When I built the cistern, I left a 2″ stub up in order to draw water out of the cistern and pump it to various hose bibs. As you can see below, I finally completed the connection and put the pump in place. The smaller 3/4″ line delivers water to the four corners of my porch so that I can irrigate the garden, orchard, etc.
Though I have 120v outlet available, I decided to go with a 12v “on demand” pump. I figured It would come in handy to have a 12v pump for other projects, and the “on demand” feature means I don’t need a tank and pressure relay – it’s built in. Any time the pump senses a pressure drop (opening a spigot) it turns the pump on. I have a small trickle charger connected to the battery to keep it charged up. I could have gone solar, but already had the components to make it work.

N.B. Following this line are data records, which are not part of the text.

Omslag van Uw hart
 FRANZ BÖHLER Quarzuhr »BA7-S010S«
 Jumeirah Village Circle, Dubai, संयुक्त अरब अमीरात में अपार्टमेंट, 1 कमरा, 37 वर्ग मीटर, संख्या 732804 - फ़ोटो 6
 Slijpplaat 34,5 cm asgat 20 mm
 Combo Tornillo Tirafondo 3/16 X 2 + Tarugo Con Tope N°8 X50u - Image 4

In order to make it more attractive, and to protect the equipment, I used some landscaping blocks left by the previous owner to make it look like a well. Someday I may even put a roof on it (and clean up those mounds of dirt left over from digging the overflow pond).
Of course things never go quite as planned. In the final picture you can see that I had to make a repair to the distribution lines. I had a small crack in the PVC “T” where the riser (galvanized steel) came up to the hose bib. I guess I got overzealous tightening it. Of course this has happened to me before and I always swear that I will never screw a steel male nipple into a plastic female fitting, but I do. I was told by another fellow that he always uses Teflon pipe dope AND Teflon tape on all his jobs, so I took to doing that here to ensure I wouldn’t have a leak, thus mitigating the need to over tighten. You can also see from that photo that I’ve left a short piece that will allow for future expansion out into the soon to be orchard.
All-in-all, the system works just as I had envisioned it. I can water my future plants with superior rainwater. And as an added bonus, we now have a redundant water supply in the event my well ever has issues – I can back feed the cistern water into my house supply. I don’t think I would drink it, but certainly good for washing and flushing.